Similarly, there will also be needed some clarity to define the threshold for FINMA to take enforcement actions. Although the bill suggests that FINMA will be required to take enforcement action only against characterized offenders who failed to remedy breaches after the deadline set forth by the supervisory authority (see article 43b (1bis) draft FINMASA), it seems unlikely that FINMA can turn a blind eye to serious breaches.

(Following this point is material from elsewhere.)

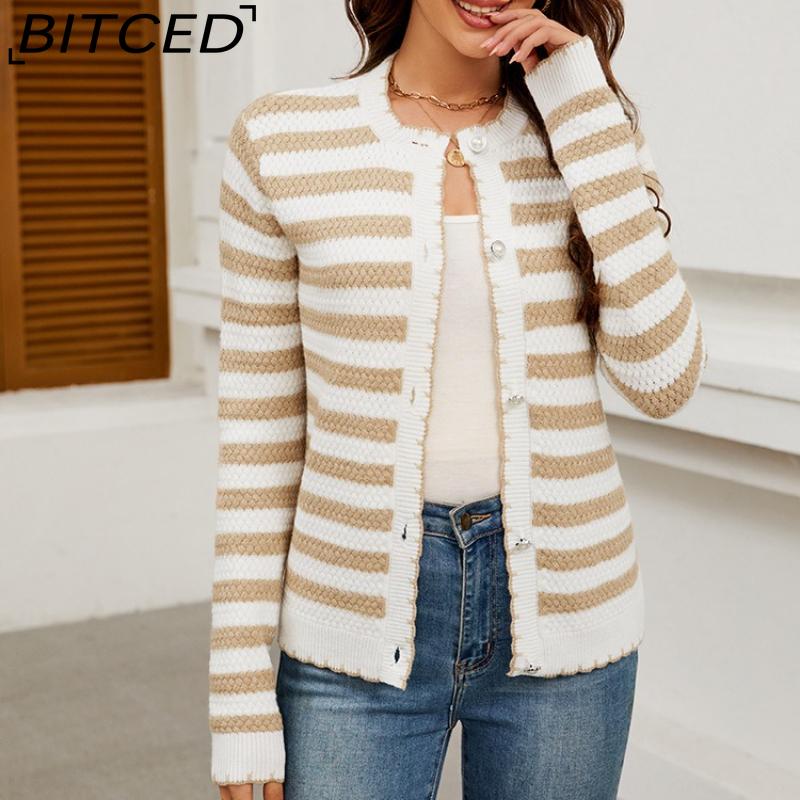 BITCED Autumn/Winter Women's Striped Knitted Cardigan with Buttons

In such cases, it is likely to need to take action, and issue blame or take other enforcement action, .e.g. confiscate undue profits, without giving the entity the chance to clean up.

2) FinTech Exemptions

The second series of changes relate to the broader initiative to create a suitable regulatory for FinTechs, which is spearheaded by the Federal Council and FINMA. In line with the reforms announced by the government, the Council of States proposes to introduce two exemptions which seek to remove undue hurdles for technological innovation in the financial industry. The driving force of this regulation is that financial institutions that accept deposit without engaging in traditional commercial banking should not bear the full brunt of complying with banking regulations. This new regime should allow ‘FinTechs’, e.g., crowdfunding platforms and payment service providers broadly speaking, to carry out their business without being fully regulated as a bank.

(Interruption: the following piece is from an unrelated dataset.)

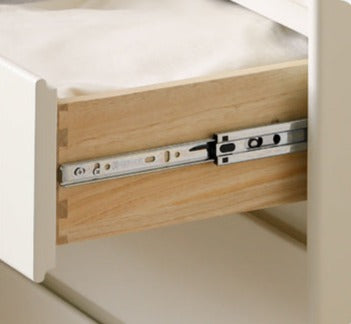 Solid Rubberwood, Poplar Solid Wood Milky Cream Style Chest of Drawers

First, the bill limits the scope of banking regulations to institutions that accept or publicly solicit deposits in excess of CHF 100 million or entities which accept deposits below this threshold, but either invest the deposits or pay interest on them (article 1a (1) draft Banking Act ). Instead, entities that do not pay interest or invest deposits will be subject to a dedicated ‘FinTech’ licensing regime that will be analogous to the one applicable to banks (article 1abis (1) draft Banking Act). These entities will be required instead to prepare audited financial statements in accordance with the Swiss Code of Obligations and engage an auditor to carry out a regulatory audit (article 1abis (3) draft Banking Act). Although the answer to the questions to what extent the analogy holds and what are the exemptions that these entities will enjoy is uncertain, the Federal Council and FINMA suggested that such institutions would be subject to a simplified capital adequacy regime, thus removing one of the more burdensome requirements.

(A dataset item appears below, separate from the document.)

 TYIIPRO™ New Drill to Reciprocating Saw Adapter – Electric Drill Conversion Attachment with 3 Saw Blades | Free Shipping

Second, the bill also allows FINMA to grant a similar exemption to entities that accept deposits in excess of the CHF 100 million threshold provided they do not invest or pay interest on the deposits and take additional measures to protect their clients (article 1abis (1) draft Banking Act) or to financial institutions that do not accept deposits, but nevertheless apply for a license (article 1abis (1) draft Banking Act).

The substance of this lighter regulatory regime remains, however, fairly uncertain at this stage and further details can be expected at a later stage, when the Federal Council will commence hearings on the implementing ordinance, which are likely to include further exemptions for FinTechs.

3) Other Changes

a) More Differentiated Regulatory Regimes for Asset Managers and Trustees

Further clarifications relate to capital adequacy and organizational requirements applicable to portfolio managers and trustees. Overall, these amendments seek to allow the regulation to account for the wide disparity in terms of size within the asset management industry, which range from relatively small owner-operated institutions to large institutional players. Therefore, a number of amendments seek to ensure that the new regulations do not create market entry barriers for smaller players (see, e.g., article 10 (7) draft FinIA allowing qualified shareholders to exercise an executive role in asset managers and trustees, article 18b (2) on requirements applicable to risk management and internal controls, article 19 and 19a draft FinIA on equity and capital requirements) and emphasize the need to account for the size and complexity of the business when implementing and applying the regulations (see, e.g., articles 8 (3), 18 (2) draft FinIA, article 43b (2) Draft FINMASA).

Moreover, the bill that was approved by the Council of States struck out all provisions on consolidated supervision of asset managers for collective assets, and merely enabled the Federal Council to enact such rules should they be required by international standards, as is currently the case.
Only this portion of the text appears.